GDC's contention regarding the accuracy of the SWIB Proposal is nonsense. SWIB has used every effort to get GDC to confirm the accuracy of the proposal. The original Proposal was based on written information sent by GDC in October 1997 (Exhibit G), which GDC later advised was incorrect. SWIB wanted complete and accurate information as to the status of GDC dilution and repricing levels.

GDC confirmed by letter on August 25, 1998 (Exhibit H), the corrected information concerning its repricing/dilution levels. This new information was incorporated into the SWIB Proposal and resubmitted with GDC's agreement on September 2, 1998 (Exhibit A). What GDC really wishes to object to is the less than glowing, but accurate, portrayal of its record. The trend in potential option dilution and repricing is clear from numerous publications and surveys, yet apparently unfamiliar to GDC. If GDC were willing to confirm for SWIB that its aggregate potential dilution from option plans has not trended higher in the past 10 years we would gladly amend our statement.

The "history" or recent historical record of GDC's repricing actions is likewise clear, by its own admission. Perhaps the suggestion is the two repricings that occurred within 12 months are independent, isolated, one-time occurrences. SWIB does not think so. SWIB has also asked GDC to confirm that no further repricings are planned or have taken place to date to ensure the accuracy of the SWIB statement.

Finally, we are deeply perplexed by the notion that expecting the GDC management to raise the stock price is a "drastic argument". Putting the nonsensical stock manipulation argument aside, if GDC management has no ability to raise the value of GDC stock, then who does? More importantly, why are they managing the company at all? Incentive stock options are designed for precisely that reason. With the advent of option repricing, perhaps the notion of raising the stock price as a means of cashing in on incentive compensation is becoming a lost art at GDC.
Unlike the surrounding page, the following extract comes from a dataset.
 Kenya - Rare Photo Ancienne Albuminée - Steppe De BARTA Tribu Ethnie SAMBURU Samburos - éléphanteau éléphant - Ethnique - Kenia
SWIB believes it is important that the overall picture of GDC's incentive compensation practices be discussed as support for the goal of more shareholder input on such matters. SWIB is comfortable its statement accurately reflects the unfortunate reality of GDC's performance. (See the attached performance graph (Exhibit I).

Conclusion.

A By-law dealing with option repricing is entirely appropriate under Delaware Law. It deals with a subject matter that is not ordinary business, rather a matter that has become one of the most important corporate governance issues of the day. It is a fundamental right of shareholders to vote on the removal of a potentially huge piece of their equity interest. Finally, the option practices of GDC are fully and fairly described in the SWIB statement, with the proper purpose of justifying the need for shareowner involvement and oversight.

Thank you for considering the above information as part of the SEC staff review. Please contact the undersigned at (608) 266-2040 with any questions or comments.
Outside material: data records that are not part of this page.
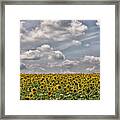 Sunflower Fields Framed Print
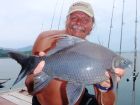 Black Carp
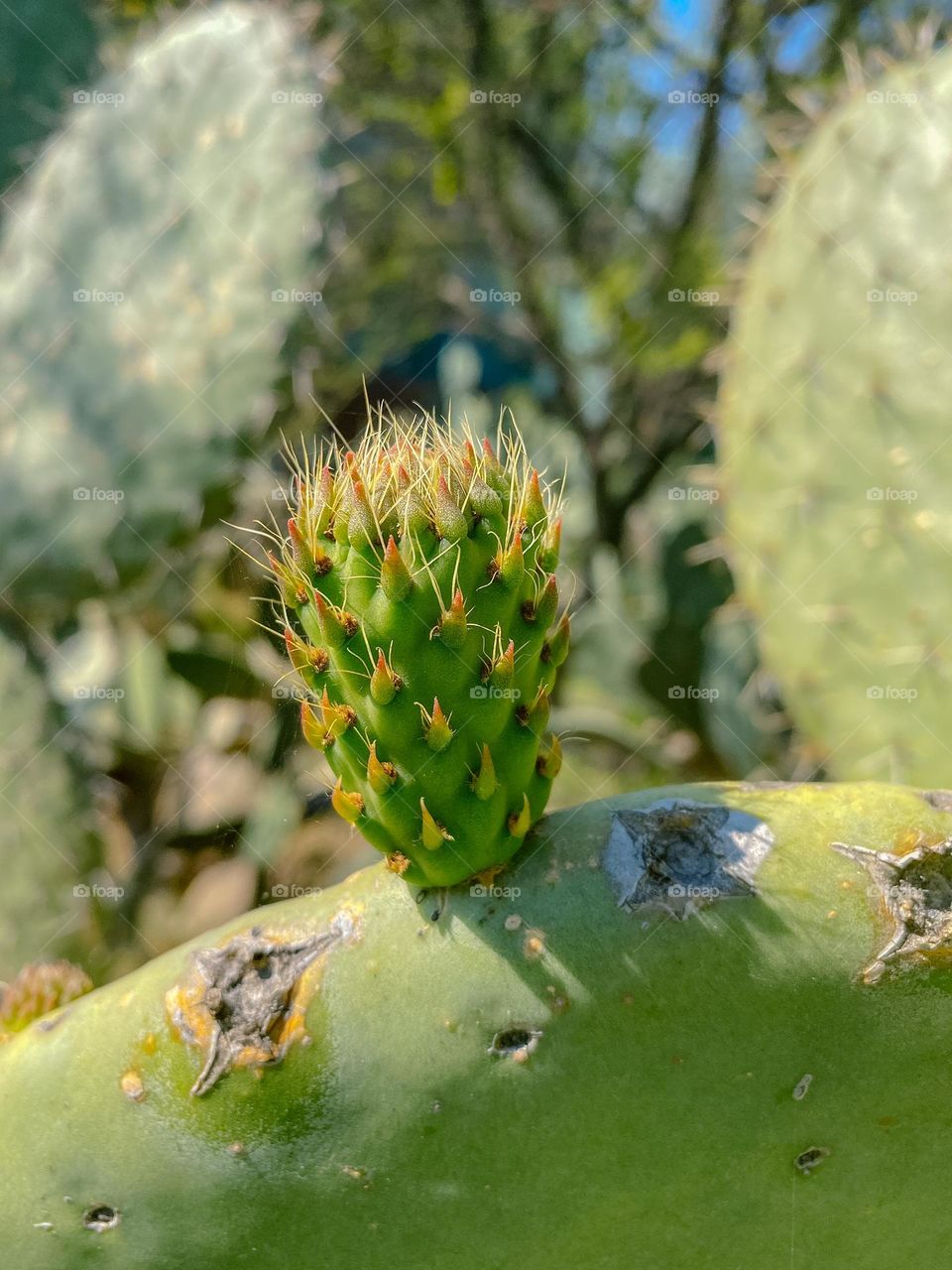 Cactus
Please acknowledge receipt of this letter by stamping the enclosed copy and enclosing it in the pre-paid enveloped.

Sincerely,

State of Wisconsin Investment Board

Kurt N. Schacht, Chief Legal Officer

Cc: SWIB Trustee

Patricia Lipton, SWIB Executive Director

John Nelson, SWIB Investment Director

Grant & Eisenhofer,P.A.

Charles Johnson, CEO General DataComm

Gerald Gordon, Weisman Celler et. al.

[LETTER OF INQUIRY 4]

October 1, 1998

VIA: AIRBORNE EXPRESS

Securities and Exchange Commission

Division of Corporate Finance

450 Fifth Street

Washington, DC 20549

RE: Rule 14a-8 Shareholder proposal

To Whom It May Concern:

Our client General DataComm Industries, Inc. (the "Corporation"), a Delaware corporation, has received a letter dated September 2, 1998 from the State of Wisconsin Investment Board ("SOWIB") transmitting a modified shareholder proposal (the "Proposal") for inclusion in the Corporation's proxy materials for its 1999 Annual Meeting of Shareholders. The Corporation intends to omit the Proposal from its proxy materials for its 1999 meeting in accordance with Rule 14a-8 under the Securities Exchange Act of 1934, as amended (the "Exchange Act") for the reasons hereafter set forth.

In accordance with Rule 14a-8(j) the Corporation is filing with the Securities and Exchange Commission ("Commission") six (6) copies of (i) the Proposal with transmittal letter marked Exhibit A and (ii) this letter on behalf of the Corporation setting forth each basis on which it believes the Proposal may be excluded and our supporting opinion on matters of state law. A copy of this letter is being sent simultaneously to SOWIB.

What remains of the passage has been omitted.